▶ **TASK INSTRUCTIONS**
Please transcribe the data below in full. Omit any picture you find in it.

[Saved entries]
[Start of section]

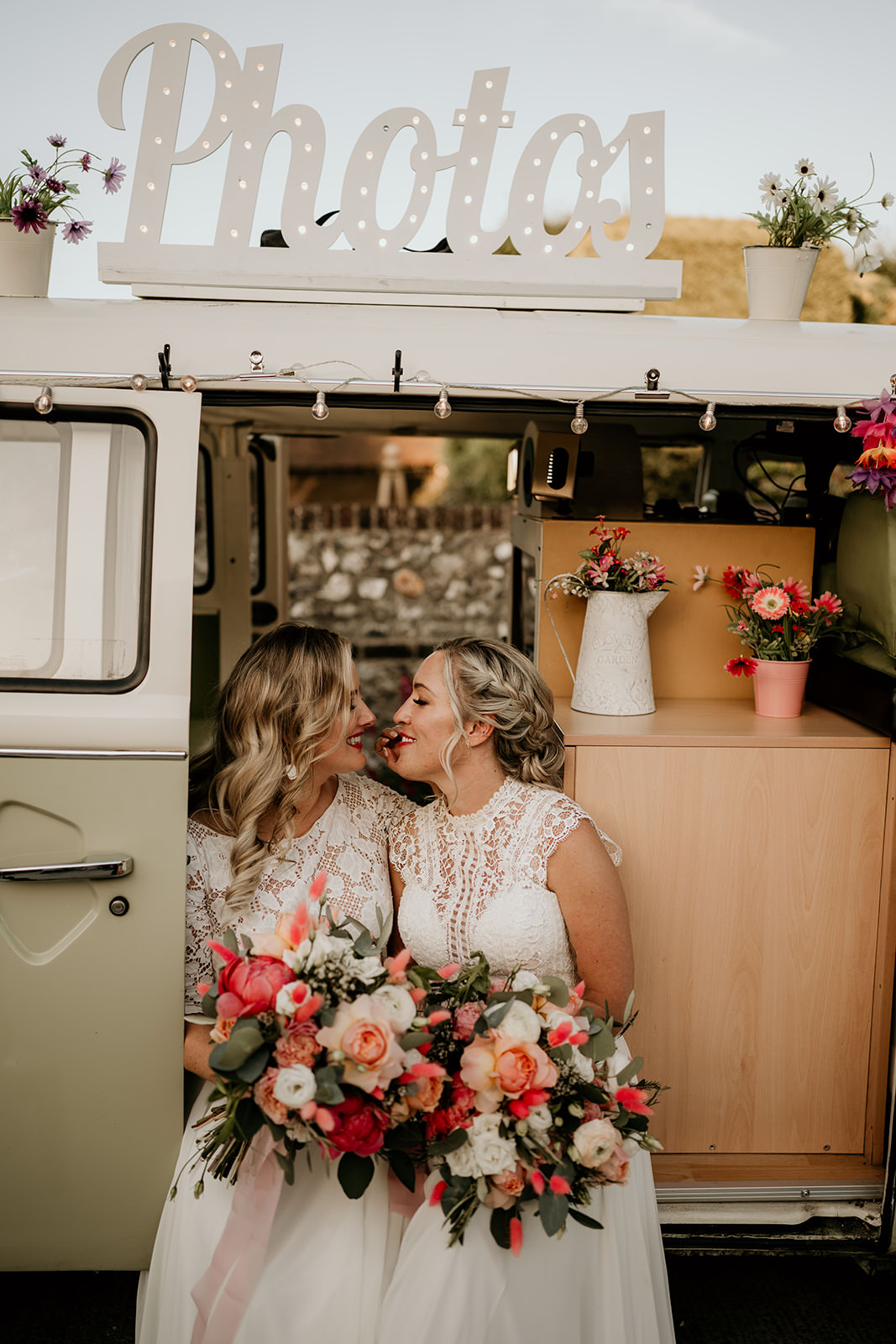Brighton Barn Wedding Kim Williams Weddings Campervan Photo Booth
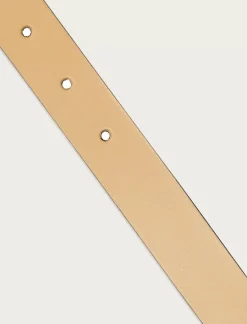 Lucky Brand sculpted buckle set leather belt natural*WOMEN Belts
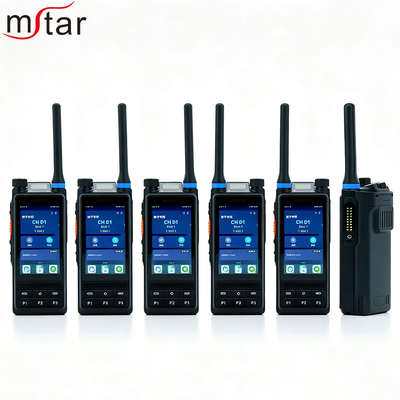 DMR Dual Mode Mobile Walkie Talkie IP67 Waterproof Rugged Radio with >50km Talk Range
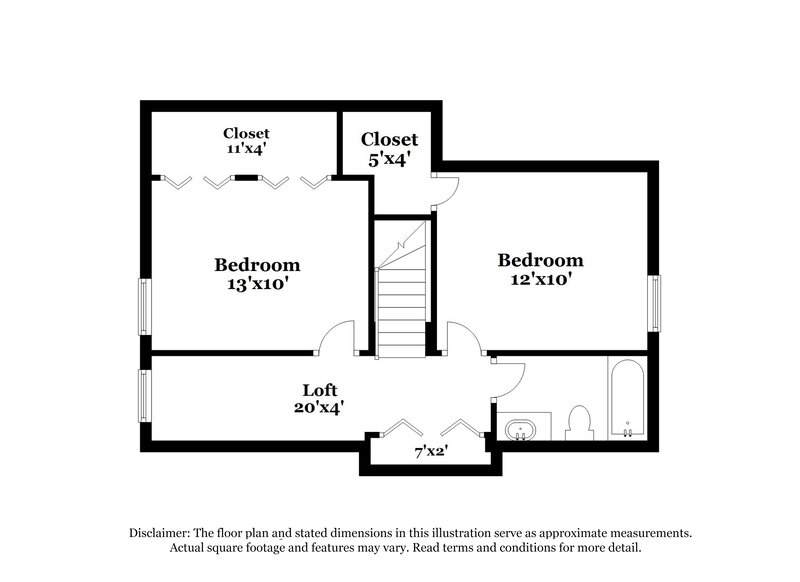 2,035/Mo, 1825 Lakewood Village Dr Antioch, TN 37013 Floor Plan View 2
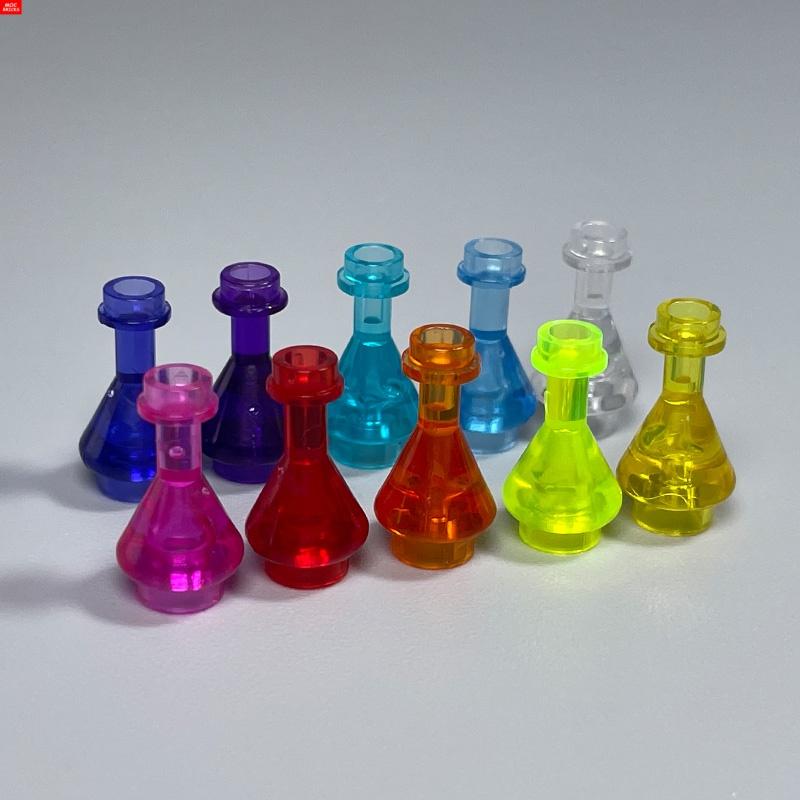 MOC Blocks 93549pb01 2608pb01 stone gem jewel Utensil Trans Erlenmeyer Flask Bottle Lab Medical Construction Bricks Children Playthings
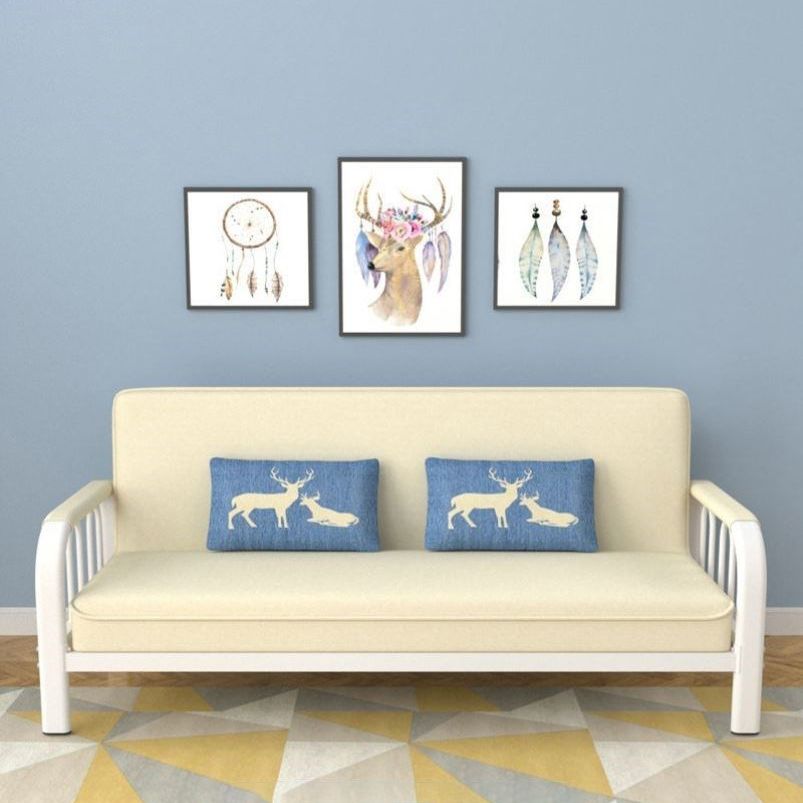 Eigentijdse vierkante arm slaapbank wasbare cabriolebank voor woonkamer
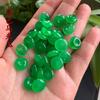 Colgante de Nudo Ping An de Jade Blanco Jade Dongling Jade Seda Dorada Natural de 12 mm Cuentas de Ábaco Accesorios de Joyería DIY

[End of section]

▶ **PROBLEM SOLUTION**
Brighton Barn Wedding Kim Williams Weddings Campervan Photo Booth
 Lucky Brand sculpted buckle set leather belt natural*WOMEN Belts
 DMR Dual Mode Mobile Walkie Talkie IP67 Waterproof Rugged Radio with >50km Talk Range
 2,035/Mo, 1825 Lakewood Village Dr Antioch, TN 37013 Floor Plan View 2
 MOC Blocks 93549pb01 2608pb01 stone gem jewel Utensil Trans Erlenmeyer Flask Bottle Lab Medical Construction Bricks Children Playthings
 Eigentijdse vierkante arm slaapbank wasbare cabriolebank voor woonkamer
 Colgante de Nudo Ping An de Jade Blanco Jade Dongling Jade Seda Dorada Natural de 12 mm Cuentas de Ábaco Accesorios de Joyería DIY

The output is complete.